- Opening Delimiter -

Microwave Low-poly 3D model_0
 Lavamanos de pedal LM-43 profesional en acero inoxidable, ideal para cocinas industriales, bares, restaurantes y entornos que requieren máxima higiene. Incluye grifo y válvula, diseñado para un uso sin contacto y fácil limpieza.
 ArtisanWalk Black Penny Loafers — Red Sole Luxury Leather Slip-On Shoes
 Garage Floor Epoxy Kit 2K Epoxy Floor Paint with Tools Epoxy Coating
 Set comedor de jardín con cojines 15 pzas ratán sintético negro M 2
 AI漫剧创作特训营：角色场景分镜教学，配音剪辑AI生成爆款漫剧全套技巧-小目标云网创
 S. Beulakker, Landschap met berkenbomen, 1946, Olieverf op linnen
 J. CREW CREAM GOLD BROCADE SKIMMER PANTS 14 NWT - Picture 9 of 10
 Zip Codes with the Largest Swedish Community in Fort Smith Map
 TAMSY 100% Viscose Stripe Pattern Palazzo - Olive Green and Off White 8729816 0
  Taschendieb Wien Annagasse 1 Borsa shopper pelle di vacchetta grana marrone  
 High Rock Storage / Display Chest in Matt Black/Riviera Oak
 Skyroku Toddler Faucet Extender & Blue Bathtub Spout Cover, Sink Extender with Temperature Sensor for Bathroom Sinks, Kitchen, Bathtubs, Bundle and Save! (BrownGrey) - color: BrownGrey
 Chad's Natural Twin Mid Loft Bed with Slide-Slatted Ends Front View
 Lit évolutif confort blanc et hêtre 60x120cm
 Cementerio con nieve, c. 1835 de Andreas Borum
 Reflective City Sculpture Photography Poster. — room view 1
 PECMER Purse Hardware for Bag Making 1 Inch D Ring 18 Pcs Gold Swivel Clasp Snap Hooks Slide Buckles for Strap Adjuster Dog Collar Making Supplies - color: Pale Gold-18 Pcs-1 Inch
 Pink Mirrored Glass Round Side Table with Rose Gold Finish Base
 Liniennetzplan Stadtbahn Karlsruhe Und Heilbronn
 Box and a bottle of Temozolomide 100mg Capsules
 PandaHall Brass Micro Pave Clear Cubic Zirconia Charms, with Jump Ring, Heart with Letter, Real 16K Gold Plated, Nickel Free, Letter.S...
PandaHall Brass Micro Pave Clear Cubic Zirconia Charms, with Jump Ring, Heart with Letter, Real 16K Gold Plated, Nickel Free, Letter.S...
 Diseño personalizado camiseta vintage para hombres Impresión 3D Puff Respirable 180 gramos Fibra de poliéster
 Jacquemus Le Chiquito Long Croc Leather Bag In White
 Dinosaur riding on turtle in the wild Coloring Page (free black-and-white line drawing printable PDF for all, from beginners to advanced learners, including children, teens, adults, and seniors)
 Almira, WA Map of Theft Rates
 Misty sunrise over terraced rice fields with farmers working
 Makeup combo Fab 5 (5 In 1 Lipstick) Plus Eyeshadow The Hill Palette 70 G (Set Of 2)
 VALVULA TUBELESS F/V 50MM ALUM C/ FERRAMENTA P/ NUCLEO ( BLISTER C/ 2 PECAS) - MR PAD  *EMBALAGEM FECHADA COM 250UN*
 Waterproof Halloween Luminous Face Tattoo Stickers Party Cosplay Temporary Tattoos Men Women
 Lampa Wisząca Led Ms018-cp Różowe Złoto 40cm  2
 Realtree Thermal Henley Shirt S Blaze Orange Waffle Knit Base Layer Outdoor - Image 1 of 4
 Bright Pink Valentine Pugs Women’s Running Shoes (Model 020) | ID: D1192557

- Closing Delimiter -

Find the line with "Jacquemus Le Chiquito" in the listing above, then write out that line and each remaining line exactly, with no other text.

▸ **OUTPUT BELOW**:
 Jacquemus Le Chiquito Long Croc Leather Bag In White
 Dinosaur riding on turtle in the wild Coloring Page (free black-and-white line drawing printable PDF for all, from beginners to advanced learners, including children, teens, adults, and seniors)
 Almira, WA Map of Theft Rates
 Misty sunrise over terraced rice fields with farmers working
 Makeup combo Fab 5 (5 In 1 Lipstick) Plus Eyeshadow The Hill Palette 70 G (Set Of 2)
 VALVULA TUBELESS F/V 50MM ALUM C/ FERRAMENTA P/ NUCLEO ( BLISTER C/ 2 PECAS) - MR PAD  *EMBALAGEM FECHADA COM 250UN*
 Waterproof Halloween Luminous Face Tattoo Stickers Party Cosplay Temporary Tattoos Men Women
 Lampa Wisząca Led Ms018-cp Różowe Złoto 40cm  2
 Realtree Thermal Henley Shirt S Blaze Orange Waffle Knit Base Layer Outdoor - Image 1 of 4
 Bright Pink Valentine Pugs Women’s Running Shoes (Model 020) | ID: D1192557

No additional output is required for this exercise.